Among the lines below, a stretch begins at the one with "Римська фото штора" and ends at the one with "Collision Warning Avoidance". Repeat that stretch exactly, ends included.

Start of Data for this exercise

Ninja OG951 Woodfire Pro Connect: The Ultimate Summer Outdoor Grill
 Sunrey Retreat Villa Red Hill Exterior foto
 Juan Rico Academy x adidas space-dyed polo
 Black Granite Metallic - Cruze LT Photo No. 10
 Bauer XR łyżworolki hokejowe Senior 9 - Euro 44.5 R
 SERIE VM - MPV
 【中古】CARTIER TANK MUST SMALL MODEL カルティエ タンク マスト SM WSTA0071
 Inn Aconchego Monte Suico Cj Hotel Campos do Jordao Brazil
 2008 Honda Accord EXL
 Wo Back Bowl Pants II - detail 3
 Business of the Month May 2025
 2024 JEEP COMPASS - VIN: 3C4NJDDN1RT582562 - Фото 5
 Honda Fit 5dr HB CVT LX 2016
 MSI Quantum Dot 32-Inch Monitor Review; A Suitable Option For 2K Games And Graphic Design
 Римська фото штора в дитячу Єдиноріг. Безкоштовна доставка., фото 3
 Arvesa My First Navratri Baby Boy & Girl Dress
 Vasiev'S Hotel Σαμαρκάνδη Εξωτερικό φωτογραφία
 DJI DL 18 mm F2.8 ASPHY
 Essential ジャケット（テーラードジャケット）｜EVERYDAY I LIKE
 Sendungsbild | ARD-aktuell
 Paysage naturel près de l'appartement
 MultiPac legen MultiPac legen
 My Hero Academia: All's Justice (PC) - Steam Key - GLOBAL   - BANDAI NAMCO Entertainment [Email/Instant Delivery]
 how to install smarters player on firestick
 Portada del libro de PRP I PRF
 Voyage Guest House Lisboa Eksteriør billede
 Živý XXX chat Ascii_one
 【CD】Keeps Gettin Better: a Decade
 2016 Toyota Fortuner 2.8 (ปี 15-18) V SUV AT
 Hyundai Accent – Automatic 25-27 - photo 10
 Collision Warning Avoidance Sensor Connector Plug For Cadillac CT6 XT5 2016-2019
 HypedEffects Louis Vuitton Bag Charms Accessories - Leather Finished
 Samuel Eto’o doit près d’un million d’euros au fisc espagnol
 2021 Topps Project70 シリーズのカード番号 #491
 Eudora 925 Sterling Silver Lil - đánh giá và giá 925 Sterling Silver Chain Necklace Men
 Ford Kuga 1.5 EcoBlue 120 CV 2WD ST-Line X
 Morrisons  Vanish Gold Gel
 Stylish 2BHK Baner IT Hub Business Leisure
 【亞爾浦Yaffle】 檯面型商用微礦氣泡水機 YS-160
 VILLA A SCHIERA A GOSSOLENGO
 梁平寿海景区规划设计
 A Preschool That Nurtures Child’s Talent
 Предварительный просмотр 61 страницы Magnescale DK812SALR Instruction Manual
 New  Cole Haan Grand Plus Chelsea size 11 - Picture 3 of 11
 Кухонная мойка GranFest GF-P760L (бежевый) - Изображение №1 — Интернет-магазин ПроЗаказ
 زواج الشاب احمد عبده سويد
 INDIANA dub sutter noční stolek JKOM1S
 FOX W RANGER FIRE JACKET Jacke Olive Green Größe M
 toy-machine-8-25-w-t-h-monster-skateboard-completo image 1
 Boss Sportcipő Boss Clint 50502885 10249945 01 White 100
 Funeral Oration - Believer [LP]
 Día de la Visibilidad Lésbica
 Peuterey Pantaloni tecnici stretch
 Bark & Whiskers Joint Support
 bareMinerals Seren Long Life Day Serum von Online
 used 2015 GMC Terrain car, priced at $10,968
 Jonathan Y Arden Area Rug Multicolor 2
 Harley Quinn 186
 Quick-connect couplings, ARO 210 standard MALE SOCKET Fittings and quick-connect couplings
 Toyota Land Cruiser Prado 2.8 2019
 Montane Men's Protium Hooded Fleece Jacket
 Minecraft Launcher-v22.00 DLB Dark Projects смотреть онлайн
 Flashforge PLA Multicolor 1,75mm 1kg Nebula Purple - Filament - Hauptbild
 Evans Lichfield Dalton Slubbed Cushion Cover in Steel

End of Data for this exercise

- **Result**
 Римська фото штора в дитячу Єдиноріг. Безкоштовна доставка., фото 3
 Arvesa My First Navratri Baby Boy & Girl Dress
 Vasiev'S Hotel Σαμαρκάνδη Εξωτερικό φωτογραφία
 DJI DL 18 mm F2.8 ASPHY
 Essential ジャケット（テーラードジャケット）｜EVERYDAY I LIKE
 Sendungsbild | ARD-aktuell
 Paysage naturel près de l'appartement
 MultiPac legen MultiPac legen
 My Hero Academia: All's Justice (PC) - Steam Key - GLOBAL   - BANDAI NAMCO Entertainment [Email/Instant Delivery]
 how to install smarters player on firestick
 Portada del libro de PRP I PRF
 Voyage Guest House Lisboa Eksteriør billede
 Živý XXX chat Ascii_one
 【CD】Keeps Gettin Better: a Decade
 2016 Toyota Fortuner 2.8 (ปี 15-18) V SUV AT
 Hyundai Accent – Automatic 25-27 - photo 10
 Collision Warning Avoidance Sensor Connector Plug For Cadillac CT6 XT5 2016-2019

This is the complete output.